Second, what if we don't pass a bailout? Our financial sector is caught in a trap. No one's sure which borrowers ...[are] going belly up. Even healthy banks won't lend to other banks.

Usually, when banks can't borrow, they sell off healthy assets. But if everyone sells at once, everyone spirals into free-fall. Since all sectors of our economy depend on credit availability, massive layoffs will occur if this situation lasts much longer. It would take years to recover.

Third, the current bill is a big improvement over Treasury Secretary Henry Paulson's initial legislation. It adds oversight and seeks to limit compensation paid to the Wall Street executives who made bad bets. Most importantly, the new bill limits the bailout's cost by giving us, the taxpayers, a stake in companies that get help. The bill isn't perfect, but it's good enough.

Fourth, many are understandably outraged. After years of billion-dollar compensation for a few would-be whiz kids, financial firms now want help from ordinary working people.

But look at it this way. Imagine your child stands wrongly accused of murder. Along with a co-defendant, she faces execution. You can prove your child's innocence. But if you testify at trial, your child's co-defendant will also go free, even though you know he's guilty. Would you allow your child's execution to convict the guilty guy?

This bailout will help some who have caused the mess, but that's an unavoidable part of helping everyone else. Don't cut off your paycheck to spite a financial executive.

Fifth, this bill isn't nearly as expensive as people seem to think. First, $700 billion is less than some realize. Imagine you run a delivery business that makes $60,000
annually and your van breaks down. It will cost you $3,000 to fix it. Should
you fix the van or close down the business? That's a no-brainer.

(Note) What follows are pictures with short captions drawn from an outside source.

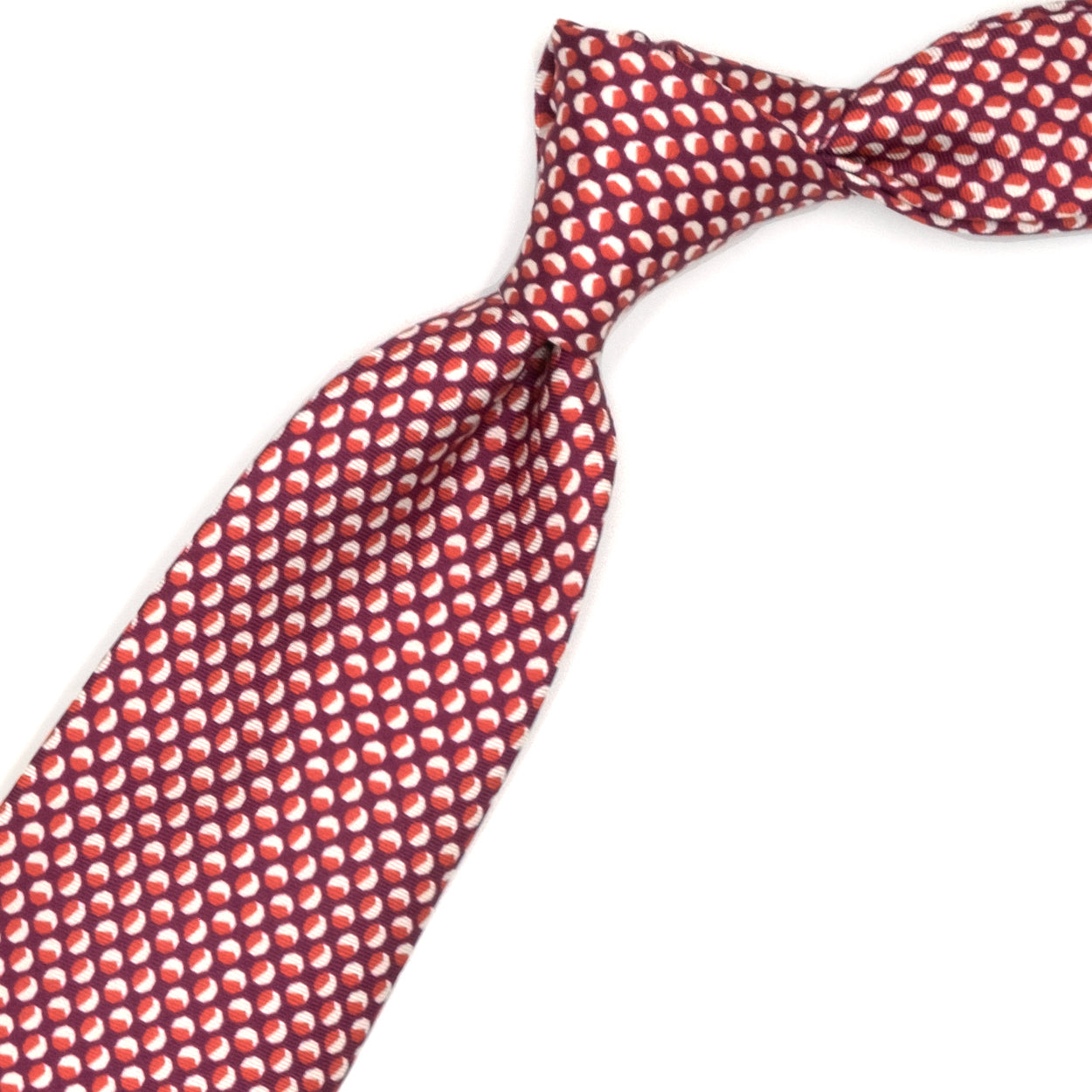 Cravatta magenta con pattern geometrico bianco e rosso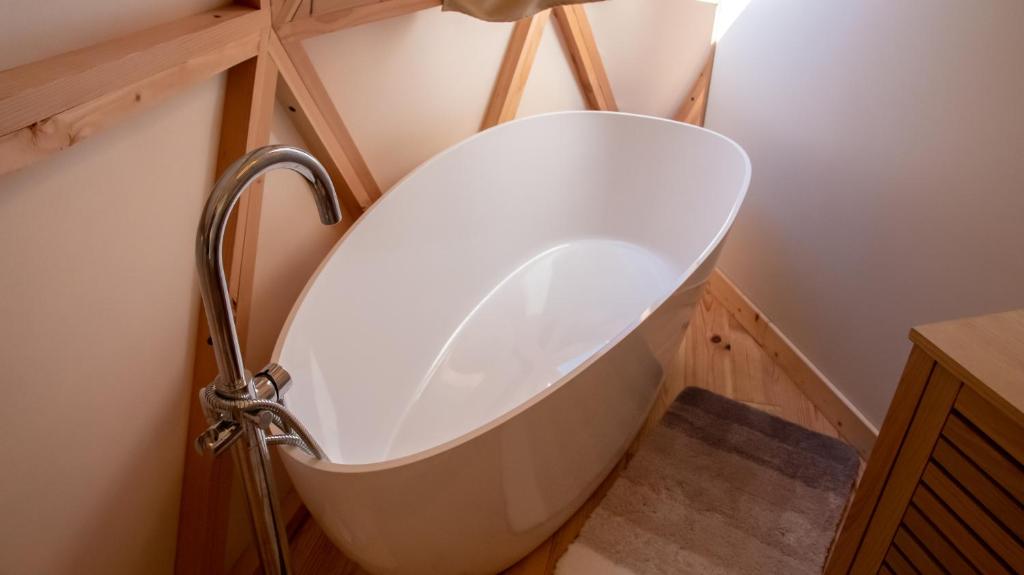 La salle de bains est pourvue d'une baignoire blanche et de parquet. dans l'établissement Dome Géodésique, à Gizay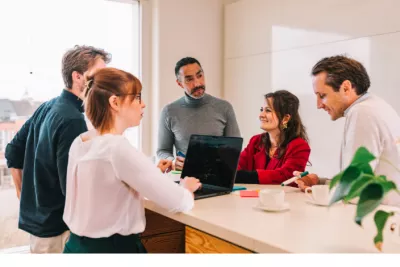 Group of colleagues in a meeting around a laptop in a bright office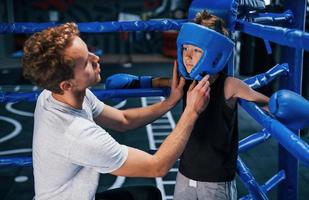 un jeune entraîneur de boxe aide un petit garçon à porter des vêtements de protection sur le ring entre les rounds photo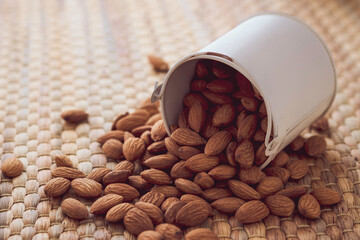 Closeup of brown fresh almonds seed in white cup on Water hyacinth placemats.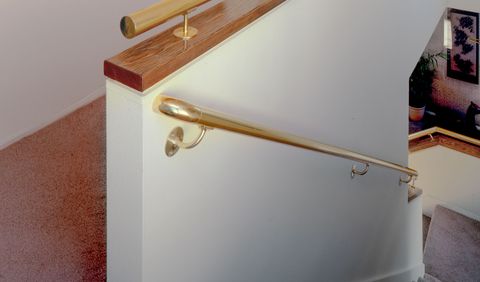 Brass wall handrail and short wall handrail on a stairway short wall
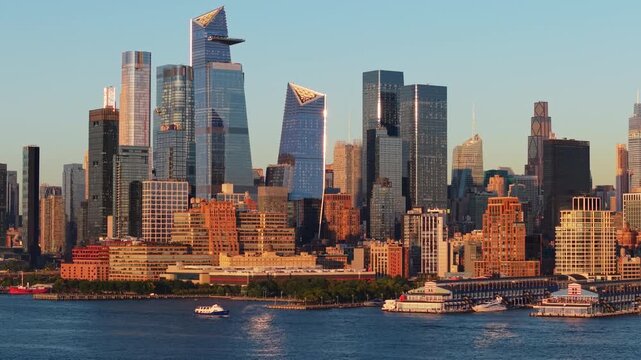 Aerial view of New York City Midtown West Manhattan and Chelsea, featuring Hudson Yards, and landmark skyscrapers. Riverfront along the Hudson River in summer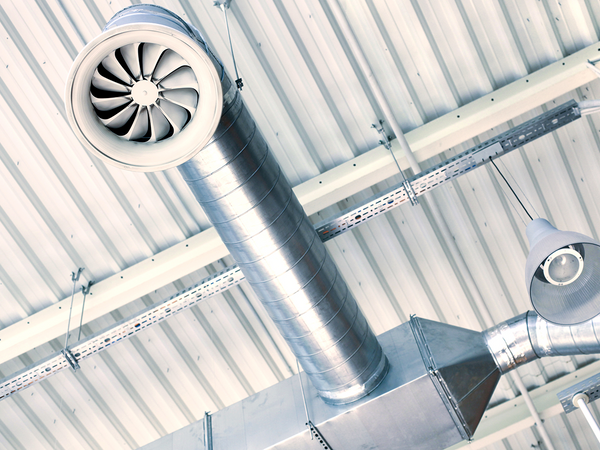Ventilators on the roof of a tall building in an industrial area. Ventilators on the roof of a tall building in an industrial area.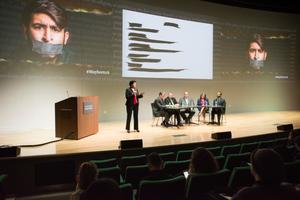Primary view of object titled '[Panelists and moderator on stage]'.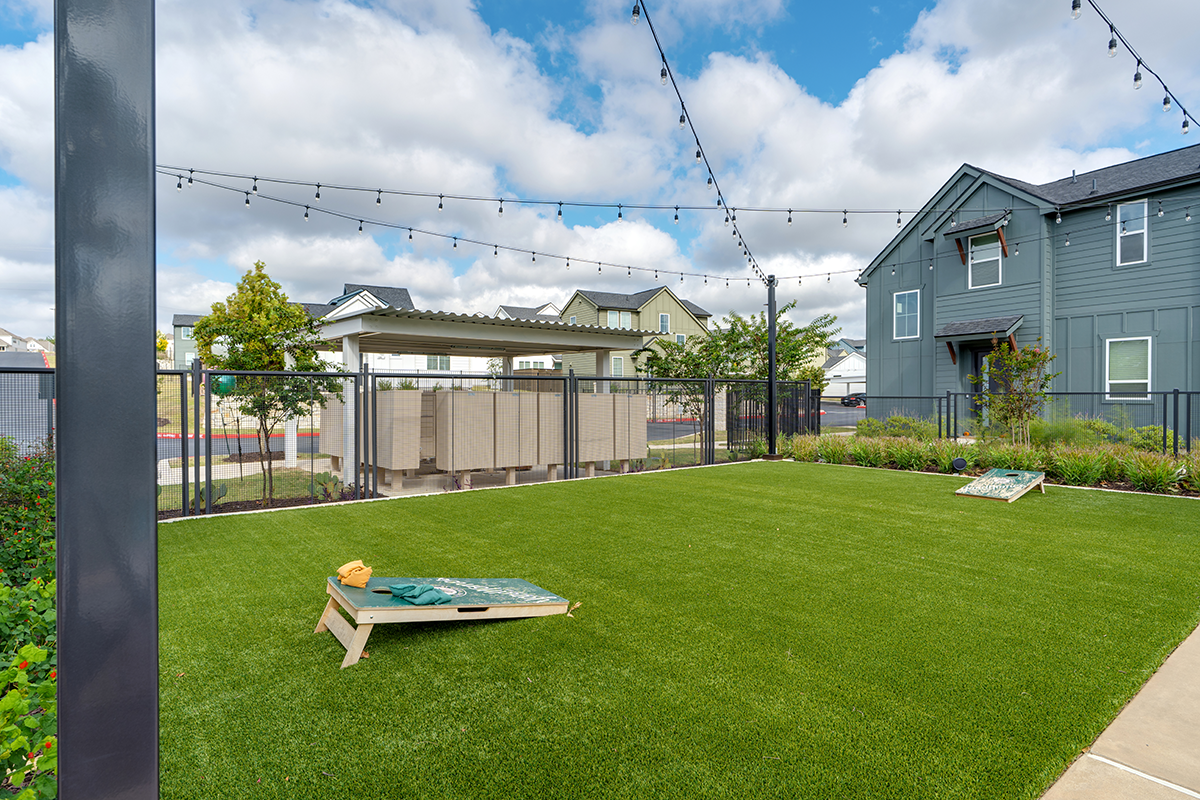 A backyard with artificial grass, string lights, two cornhole boards, and a covered seating area, surrounded by a black fence and houses in the background under a partly cloudy sky.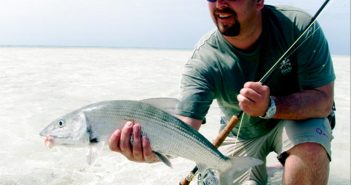 A man holding a striped bass in shallow water.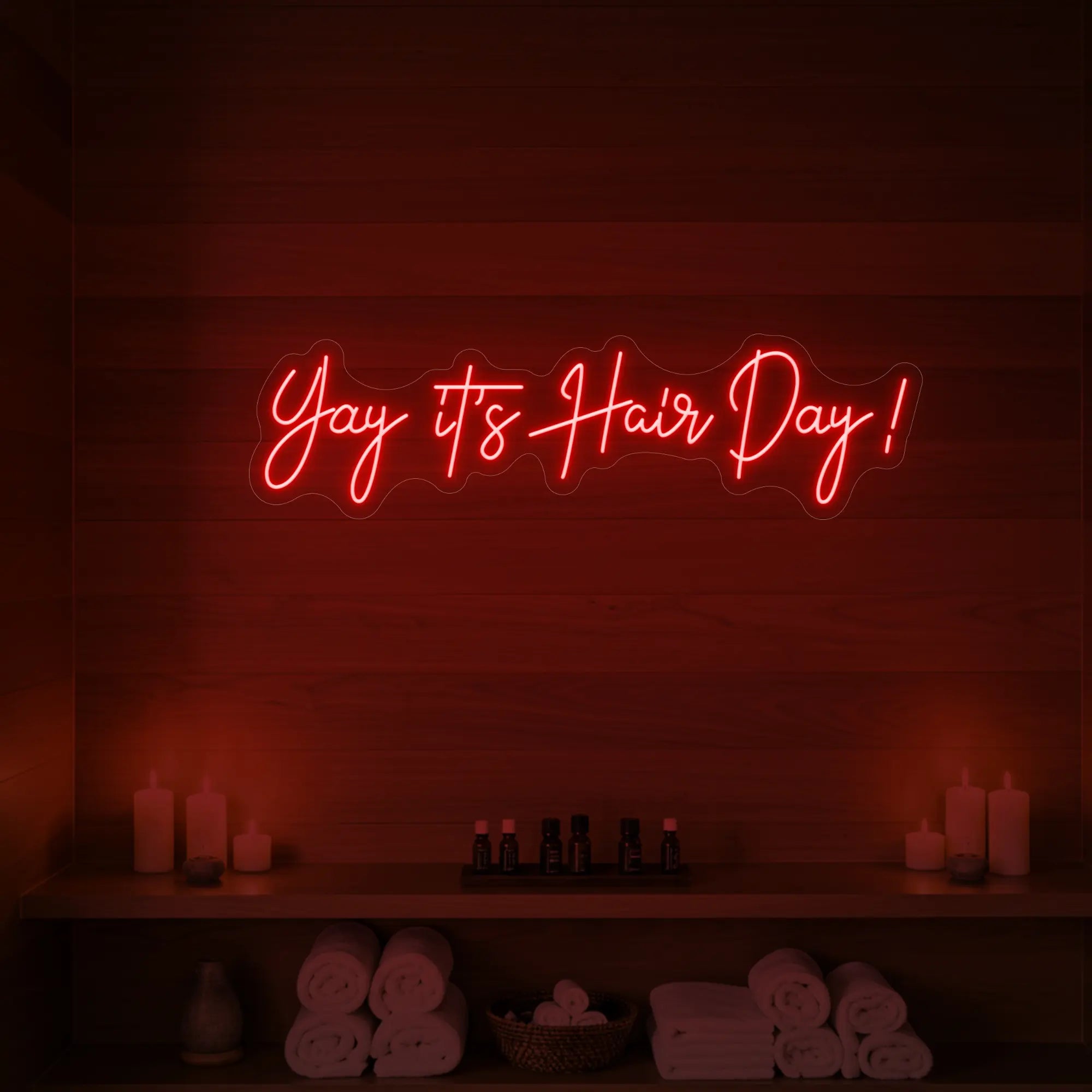 Photo of the 'Yay it’s Hair Day!' neon sign glowing in red against a styled interior wall.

It's also similar to the bailout, because $700 billion is 5 percent of our economy's 2007 income, $14 trillion, and we'll lose an awful lot more than $700 billion if we let the economy tank. And we'll lose it repeatedly for several years.

Moreover, we're not just going to hand over the cash. The original Paulson plan would have allowed that, but Monday's bill wouldn't. Taxpayers would get a stake in any gains from future sales of the assets the government will buy. And because the government will wait to sell these assets until financial markets have enough capital to operate healthily, these assets might be sold for more later than now. We're putting up $700 billion now, but we'll get some, all or maybe more back later.

There'll be plenty of time to hand out blame. But let's make sure we do that after banking hours — instead of in the unemployment line.
Financial markets and financial intermediaries bring together people who have an excess supply of loanable funds with those who have an excess demand. But why do those with excess demand want the money? They want it because they believe they can use it to make profit through some business venture.

They wouldn't borrow the money if the expected payoff didn't exceed the cost of the loan.

So financial markets channel money to the real economy, and that is the source of the profits you see on Wall Street (beyond the zero sum game among some traders). Loans are paid back - with interest - from the profits the borrower made with the money. Money doesn't breed, simply taking out a loan from a bank won't make you wealthy, you have to do something productive with that money, that is where you get the profits to cover the loan and interest.

So the ultimate source of profits on Wall Street is the real economy (though occasionally, i.e. when there is a bubble, the profits are based upon false valuations in the real sector). Profits come from people doing productive things with the loans that take out, and those productive things employ people and make the economy grow faster. Wall Street is a conduit to the real economy, it is not an end in and of itself, and when that conduit is not functioning properly - when money stops flowing through financial markets - productive activity is diminished and growth and employment pay the cost.